La trama è semplice: tre ragazze di bassa estrazione sociale, interpretate da Eleonora Pedron (Miss Italia tre anni prima), Benedetta Valanzano e una meravigliosa Francesca Cavallin, in vacanza in Sardegna con amici e fidanzati, si stancano di stare da sfigate in campeggio e cercano di inserirsi nella vita notturna di Porto Cervo, per vivere un sogno almeno d’estate. E così partendo da un gruppo di napoletani che vivono in duecento in tre locali e dalla conoscenza di una semi-escort (Elena Santarelli) fanno un presunto upgrade ed arrivano al livello di quelli che pagano-pagherebbero i conti. Anche se ovviamente il bel ragazzo ricco con il maglioncino sulle spalle (Davide Silvestri) è gay, il calciatore (il terrificante Alfieri di Campioni) è un tamarro, il broker (Fabio Fulco) è un truffatore, eccetera.

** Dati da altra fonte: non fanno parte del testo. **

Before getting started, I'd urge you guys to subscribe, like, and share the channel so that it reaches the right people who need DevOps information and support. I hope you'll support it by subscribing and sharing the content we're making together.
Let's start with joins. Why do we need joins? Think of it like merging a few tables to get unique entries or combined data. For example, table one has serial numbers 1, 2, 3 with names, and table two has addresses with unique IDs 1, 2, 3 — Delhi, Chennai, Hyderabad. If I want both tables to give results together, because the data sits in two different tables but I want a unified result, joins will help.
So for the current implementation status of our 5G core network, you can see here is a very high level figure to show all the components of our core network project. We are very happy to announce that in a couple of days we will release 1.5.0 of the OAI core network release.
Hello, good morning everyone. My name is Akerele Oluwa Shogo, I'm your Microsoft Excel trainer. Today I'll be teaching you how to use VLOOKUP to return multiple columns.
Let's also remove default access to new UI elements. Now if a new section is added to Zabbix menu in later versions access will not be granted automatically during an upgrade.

La storia è esile, come è giusto che sia, ma Calà è bravo nel mostrare il vippame televisivo dell’epoca, con brevi ma significativi camei: Costantino Vitagliano e Daniele Interrante, divinità di ogni tronista, Lele Mora che del decennio è stato per certi versi l’ideologo, un fastidiosissimo Ringo, Ana Laura Ribas, Raffaella Zardo, Briatore che dice due battute (anche perché alcune scene sono girate al Billionaire) e così via. Si arriva fino al punto, davvero di non ritorno, di considerare vip Amedeo Goria e Demo Morselli. Una fotografia perfetta dell’immaginario dell’epoca, che Calà ci regala con lo spirito del cronista un po’ complice, certo non quello del critico e del resto noi che amiamo questi film non è che vogliamo ascoltare la moralina. Meglio massime come quella che esce dalla bocca di Lory Del Santo: “Con me gli uomini prima vengono e poi vanno“.

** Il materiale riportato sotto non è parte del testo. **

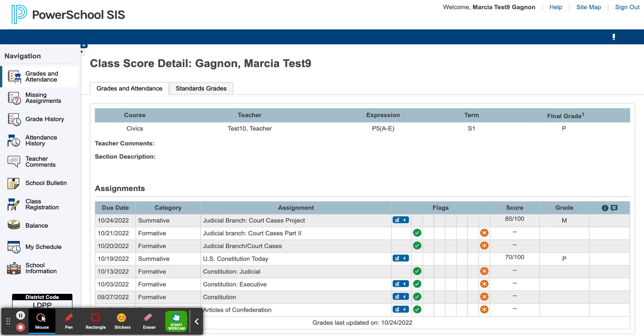This page contains the scores for each assignment. To understand the scores for each assignment, click on the graph icon.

Il limite di Vita Smeralda non è ideologico, ma che le parti teoricamente comiche non facciano ridere e che non ci si appassioni davvero ad alcun personaggio: non ci sono insomma quella magia, quel guizzo, quel calore, che spesso si trovano in opere di questo genere o per lo meno in alcune loro scene. Grande l’affiatamento di Calà con Umberto Smaila (c’è anche il figlio Rudy, con lo schema del videoreporter), con il quale canta una memorabile versione di Kalinka in onore del russo, già nel 2005 l’unico di cui si potesse parlare male. Forzatissima la parte della figlia avuta da Calà da una vecchia fiamma indiana, amaro ma molto forte il finale, a ricordarci che le classi sociali esistono e che nemmeno le vacanze le annullano.
Molti critici di questo film hanno detto che è un’imitazione mal riuscita di Sapore di mare, ma in realtà nel capolavoro dei Vanzina era centrale la nostalgia mentre Vita Smeralda è purissimo presente del 2005. La Milano del triangolo Hollywood-Tocqueville-Casablanca trasportata in Costa Smeralda, con location che accendono il dibattito fra i suoi cultori: perché il Billionaire è a Porto Cervo, il primo Smaila’s era a Poltu Quatu e tante cose non tornano. Ma diciamo la verità: quel decennio lo troviamo molto triste, molto inutile (decisamente più interessanti gli anni Dieci, se proprio non vogliamo tornare ai Novanta) e di passaggio, ed è anche per questo che Vita Smeralda nemmeno alla decima visione è il nostro film. Però fra un secolo sarà studiato.